I turbamenti del non più giovane Bombino

Un grande live al nuovo Jumeaux Jazz Club di Losanna (con il dubbio che a Bombino lo status di condottiero tuareg cominci a pesare)

Bombino
Bombino (foto di Lara Cocciolo, dal sito dell'artista)
Recensione
pop
Jumeaux Jazz Club, Losanna
Bombino
02 Febbraio 2024

Un paio di canzoni suonate con l’acustica per rompere il ghiaccio e convogliare il folto pubblico vicino al palco, allontanandolo dalle distrazioni del bar. Poi Bombino imbraccia la chitarra elettrica e la carovana parte spedita, due ore filate e sudate di concerto più un lungo bis: di meglio non si poteva sperare.

Considerata la notevole affluenza, quelli del Jumeaux Jazz Club si fregano le mani anche stavolta, dopo il sold out per Marc Ribot’s Ceramic Dog della scorsa settimana. Il locale ha aperto i battenti da meno di un mese, è situato a due piani sottoterra di un ampio edificio da poco rimesso a nuovo, strategicamente collocato al centro del Flon, il quartiere della movida losannese. Soprattutto, nella testa del direttore artistico Arnaud Di Clemente c’è l’idea di colmare un vuoto evidente nella cittadina lacustre, la mancanza di una cave adatta ad accogliere jazz poco ortodosso e world music non banale.

Le prime indicazioni, anche a considerare la positiva risposta al botteghino, paiono positive. Staremo a vedere.

– Leggi anche: Gli accordi di Bombino

Nel frattempo constatiamo che Bombino, a dieci anni esatti dalla prima volta che l’abbiamo visto all’opera, continua a migliorare nelle sue prestazioni dal vivo, per quanto il personaggio in sé non sia esattamente un animale da palcoscenico e bene dissimuli un’evidente timidezza di fondo.

A sostenerlo un robusto quartetto che assomma il lavoro oscuro e defilato del chitarrista ritmico Alhassan Kawissan Mohamed, le vellutate pulsazioni a cinque corde del bassista con i guanti Djakrave Dia e il drumming non troppo elegante ma funzionale allo scopo di Wilhelm Corey. In più, nell’occasione si registra la presenza di un tuareg in costume tradizionale, con un meraviglioso copricapo a cresta di gallo (retrattile) e tanto di spada takouba al fianco (come passa le frontiere con quel gingillo?), impegnato a sobillare la folla e a esibirsi di tanto in tanto in agili e acrobatici passi di danza.

Al centro della scena rimangono tuttavia i fantasmagorici riff chitarristici di Bombino, negli ultimi tempi capaci di sopravvivere, nell’ordine, a una nomination ai Grammy, al Covid, a un buco discografico di quasi cinque anni e al colpo di Stato del luglio scorso in Niger.

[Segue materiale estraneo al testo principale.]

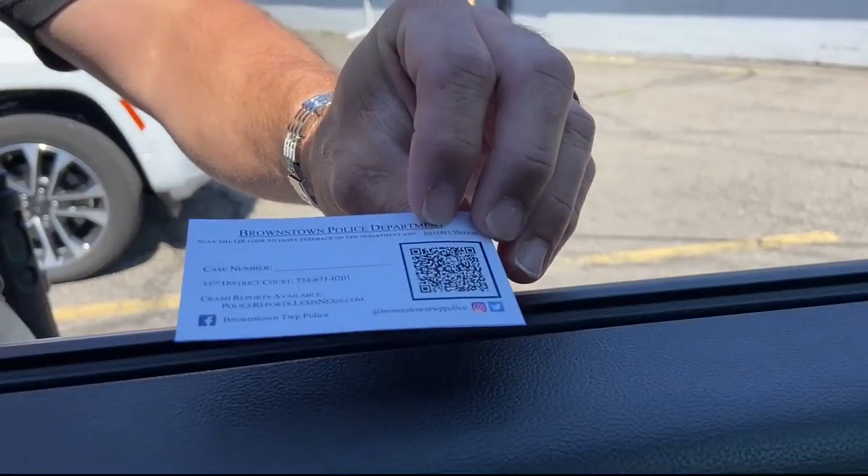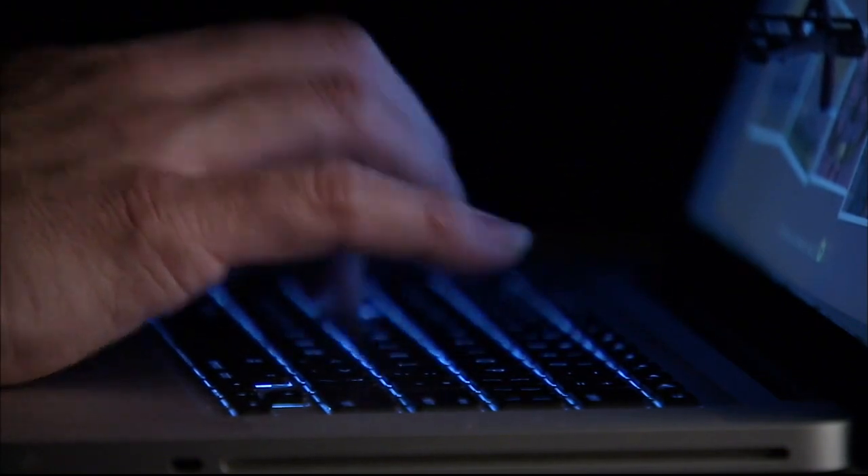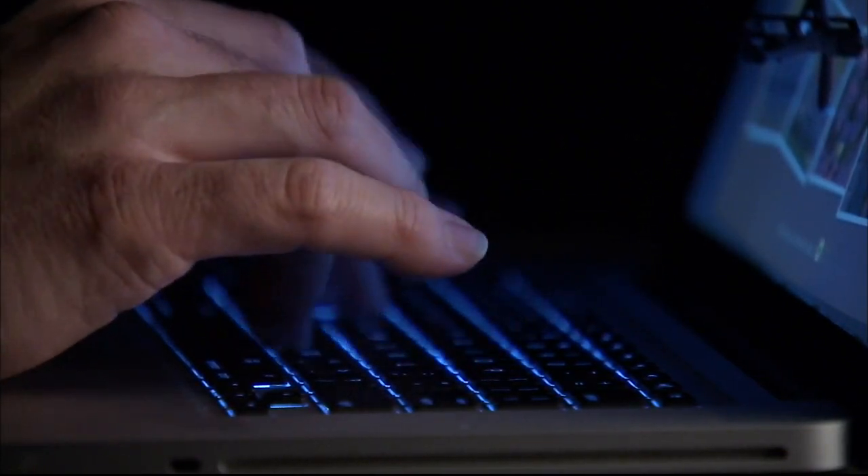As the data comes in, higher-ups can look for areas of improvement. We put out my QR code and the chief's QR code on social media, and some were pretty good — some were, you know, honest.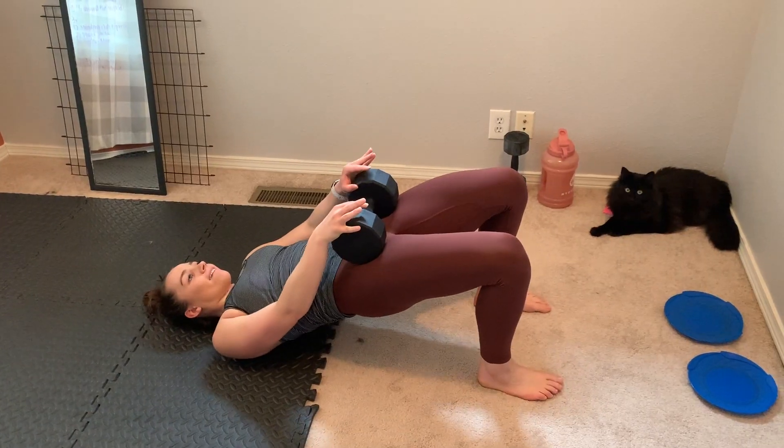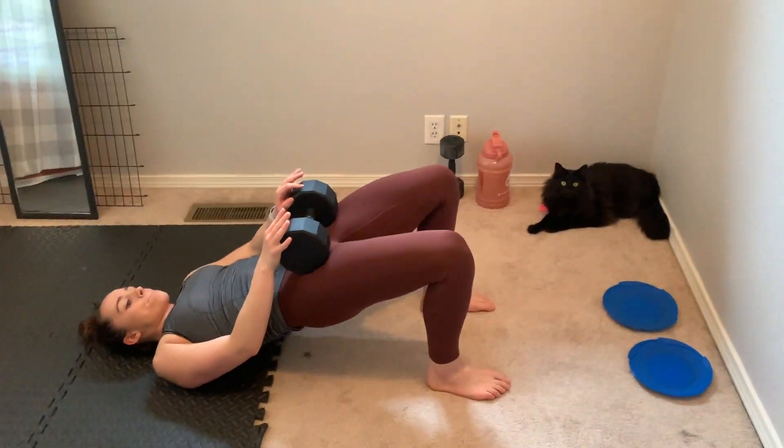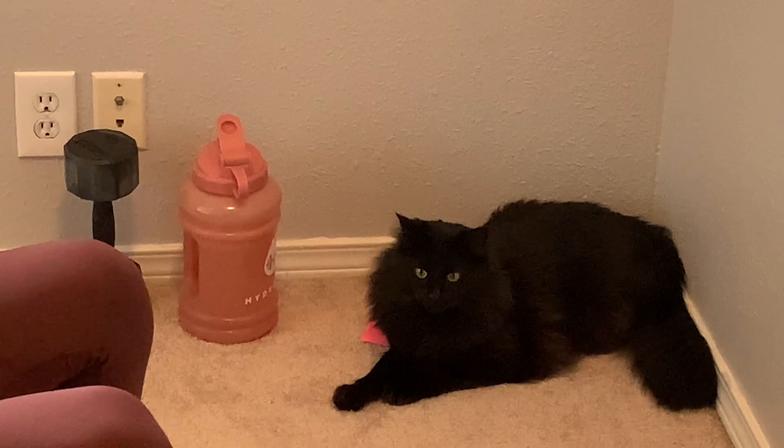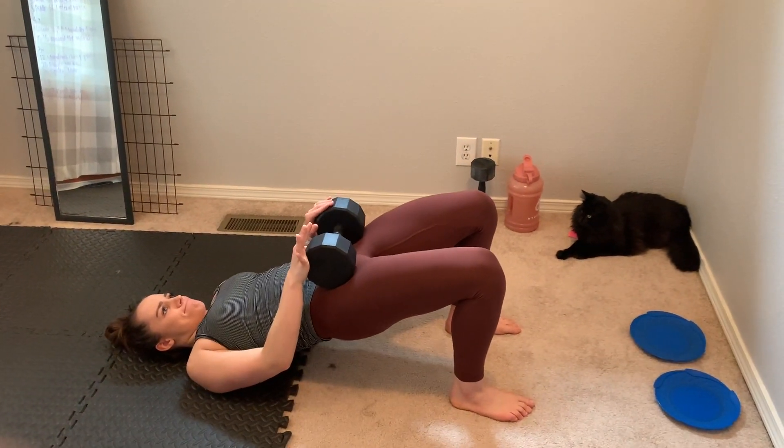All right, so I just finished a workout — did some legs, as you saw in the clips. Now I'm getting ready to make my post-workout shake and then I'll have some lunch. For the post-workout shake I used coconut almond milk.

Sarà anche per l’inevitabile frapporsi della barriera linguistica (nessuno del gruppo perde tempo a spiegare la genesi e i contenuti dei brani), ma con Bombino più passa il tempo e meno naturale viene considerarlo un alfiere della lotta per la salvezza del suo popolo. L’impressione è che sia un ruolo che cominci a pesare allo stesso artista, che magari preferirebbe volentieri fare la rockstar e basta. Non sarà un caso se a un certo punto capita che il portavoce Djakrave Dia prenda il microfono e dica: «Certo che siamo contro la guerra, chi non lo è, ma vorremmo che ognuno tornasse a fare il proprio mestiere: i politici i politici, i militari chiusi in caserma e noi sul palco a far ballare voi».

«Certo che siamo contro la guerra, chi non lo è, ma vorremmo che ognuno tornasse a fare il proprio mestiere: i politici i politici, i militari chiusi in caserma e noi sul palco a far ballare voi».

Aspirazione non coincidente con vari brani estratti dal recente disco Sahel, come “Aitma”, che con il giusto fragore ribadisce la chiamata all’unità dei tuareg dispersi in molte nazioni e “Nik Sant Awanha”, in cui Bombino, conscio della situazione vissuta dai suoi fratelli, conferma di voler continuare a essere il megafono di chi non ha voce.

Nell’aria finiscono però per galleggiare e prevalere l’inesauribile vigore dell’ondeggiante desert blues, lo psych-rock di “Si Chilan”, i temi impregnati di dense tinture reggae, i vertiginosi salti di ritmo all’interno di una stessa traccia. Insomma, come richiede a gran voce la dinamica gioventù sottocassa, let’s dance!, e che si fottano tutti i signori della guerra.